Latency Bound Platforms
Memory throughput bound algorithms9 can actually be operating in two main overall regimes: DRAM bandwidth bound or concurrency/latency bound.
The first mode is the one that you are probably familiar with: the DRAM subsystem has a certain theoretic bandwidth that you can calculate pretty easily based on the number of channels, data rate/width and frequency. For example, my DDR4-2133 system with 2 channels has a max bandwidth of 2.133 * 8 * 2 = 34.1 GB/s, same as reported on ARK.
You won't sustain more than that rate from DRAM (and usually somewhat less due to various inefficiencies) added across all cores on the socket (i.e., it is a global limit for single-socket systems).
The other limit is imposed by how many concurrent requests a core can actually issue to the memory subsystem. Imagine if a core could only have 1 request in progress at once, for a 64-byte cache line - when the request completed, you could issue another. Assume also very fast 50ns memory latency. Then despite the large 34.1 GB/s DRAM bandwidth, you'd actually only get 64 bytes / 50 ns = 1.28 GB/s, or less than 4% of the max bandwidth.
In practice, cores can issue more than one request at a time, but not an unlimited number. It is usually understood that there are only 10 line fill buffers per core between the L1 and the rest of the memory hierarchy, and perhaps 16 or so fill buffers between L2 and DRAM. Prefetching competes for the same resources, but at least helps reduce the effective latency. For more details look at any of the great posts Dr. Bandwidth has written on the topic, mostly on the Intel forums.

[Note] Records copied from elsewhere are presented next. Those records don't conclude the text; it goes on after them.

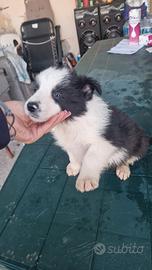 Cuccioli di border collie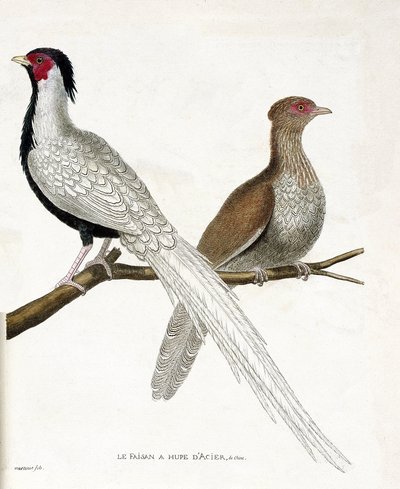Zoolojik harita (ornitoloji): Sülün bir Çin çeliği hupe ve dişisi (gümüş sülün veya Lophura nycthemera) bir dalda. Francois Nicolas Marti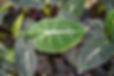 DSC06155.JPG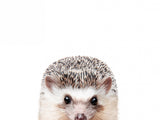 Peeking Hedgehog Poster och Canvastavla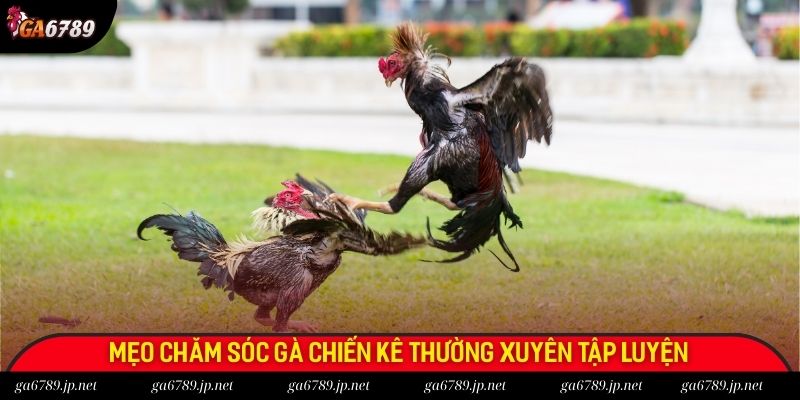 Mẹo chăm sóc gà chiến kê thường xuyên tập luyện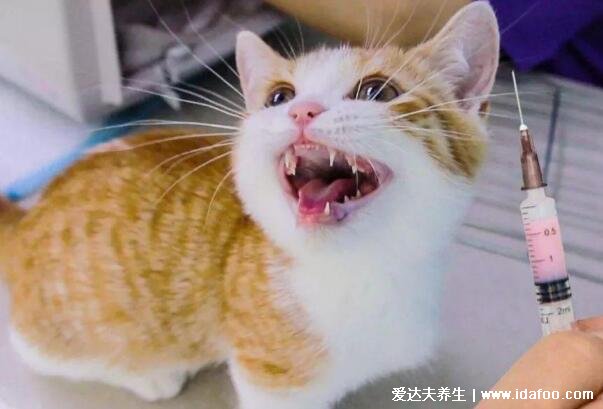 为什么好多人被猫抓不打疫苗，健康的猫咪不带毒(10日观察法确定)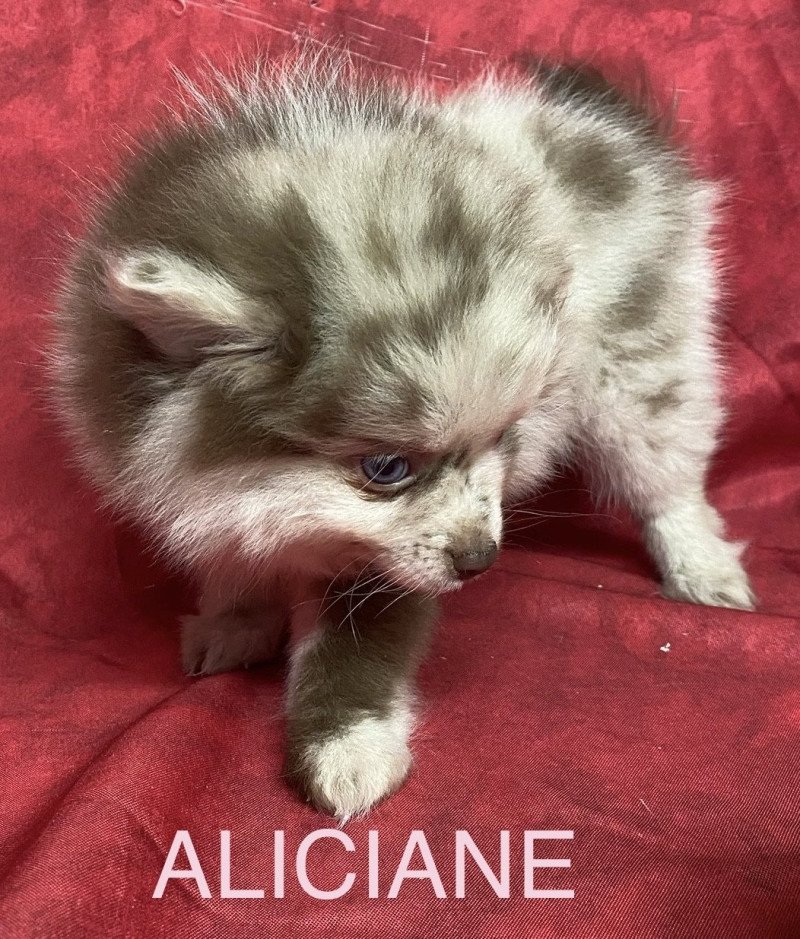 ALICIANE spitz nain Femelle Spitz allemand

Still, most recent CPUs are limited by this factor, not the RAM bandwidth. Typically they achieve 12 - 20 GB/s per core, while the RAM bandwidth may be 50+ GB/s (on a 4 channel system). Only some recent gen 2-channel "client" cores, which seem to have a better uncore, perhaps more line buffers can hit the DRAM limit on a single core, and our Skylake chips seem to be one of them.
Now of course, there is a reason Intel designs systems with 50 GB/s DRAM bandwidth, while only being to sustain < 20 GB/s per core due to concurrency limits: the former limit is socket-wide and the latter is per core. So each core on an 8 core system can push 20 GB/s worth of requests, at which point they will be DRAM limited again.
Why I am going on and on about this? Because the best memcpy
implementation often depends on which regime you are operating in. Once you are DRAM BW limited (as our chips apparently are, but most aren't on a single core), using non-temporal writes becomes very important since it saves the read-for-ownership that normally wastes 1/3 of your bandwidth. You see that exactly in the test results above: the memcpy implementations that don't use NT stores lose 1/3 of their bandwidth.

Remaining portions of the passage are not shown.